ですから、プロセス表記(階層構造)に慣れているビジネスアナリストは不慣れなケイパビリティにとらわれることなく、プロセスの階層構造を活用すればビジネス・アーキテクチャとして十分使えるということになります。ただし留意するべきことはプロセスを価値志向でまとめておくということです。そうすると次の様な関係になります。
プロセスアーキテクチャ ⇒ ビジネスアーキテクチャ
- レベル0プロセス ⇒ バリューチェーン
- レベル1プロセス ⇒ バリューストリーム(価値ストリーム)
- レベル2プロセス ⇒ バリューセグメント(価値セグメント)
- レベル3プロセス ⇒ 多対多の関係でケイパビリティにリンク
プロセスアーキテクチャでビジネス・アーキテクチャ(価値ストリームとケイパビリティ)を記述していることになります。

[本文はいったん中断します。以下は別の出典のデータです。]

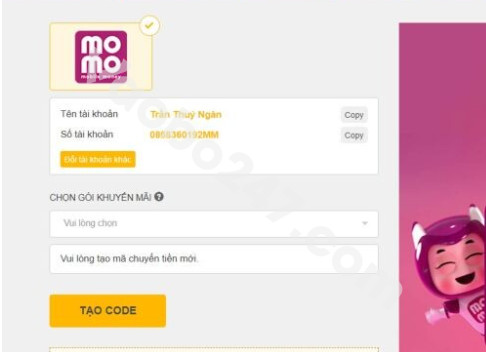 Tạo code chuyển tiền 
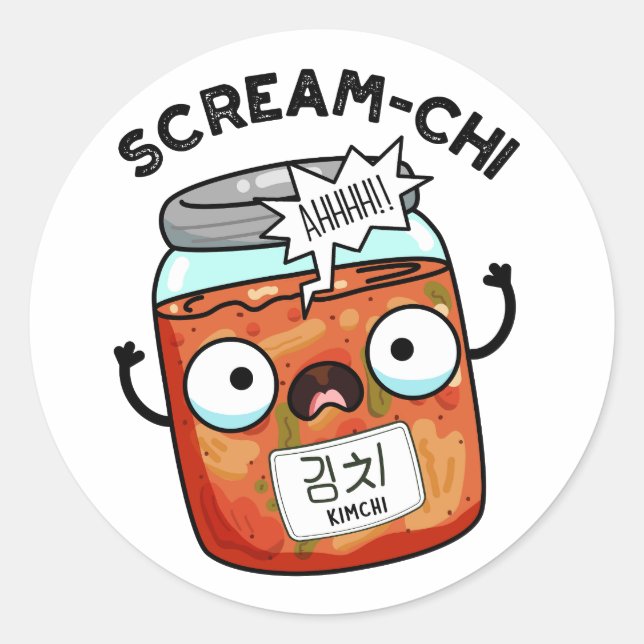 Sticker Rond Scream-chi Funny Kimchi Puns (Devant)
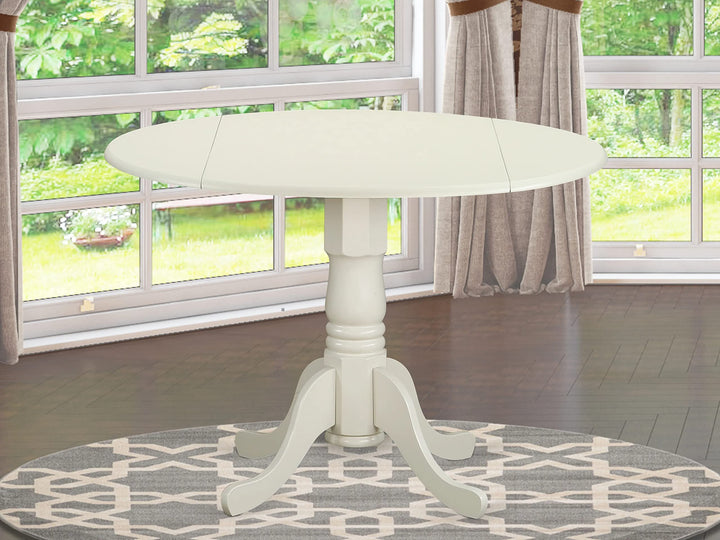 East West Furniture DLT-WHI-T Dublin Modern Kitchen Table - a Round Dining Table DLT-WHI-TP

Roger Burltonのビジネスアーキテクチャ方法論(フレームワーク)について解説しています。
BIZBOK(知識体系)とは異なり、戦略(目的)から自然の流れでプロセスアーキテクチャを基に
バリューチェーン→バリューストリーム(価値ストリーム)→バリューセグメント(価値セグメント)→ ケイパビリティへとつながるので分かりやすいのではないでしょうか。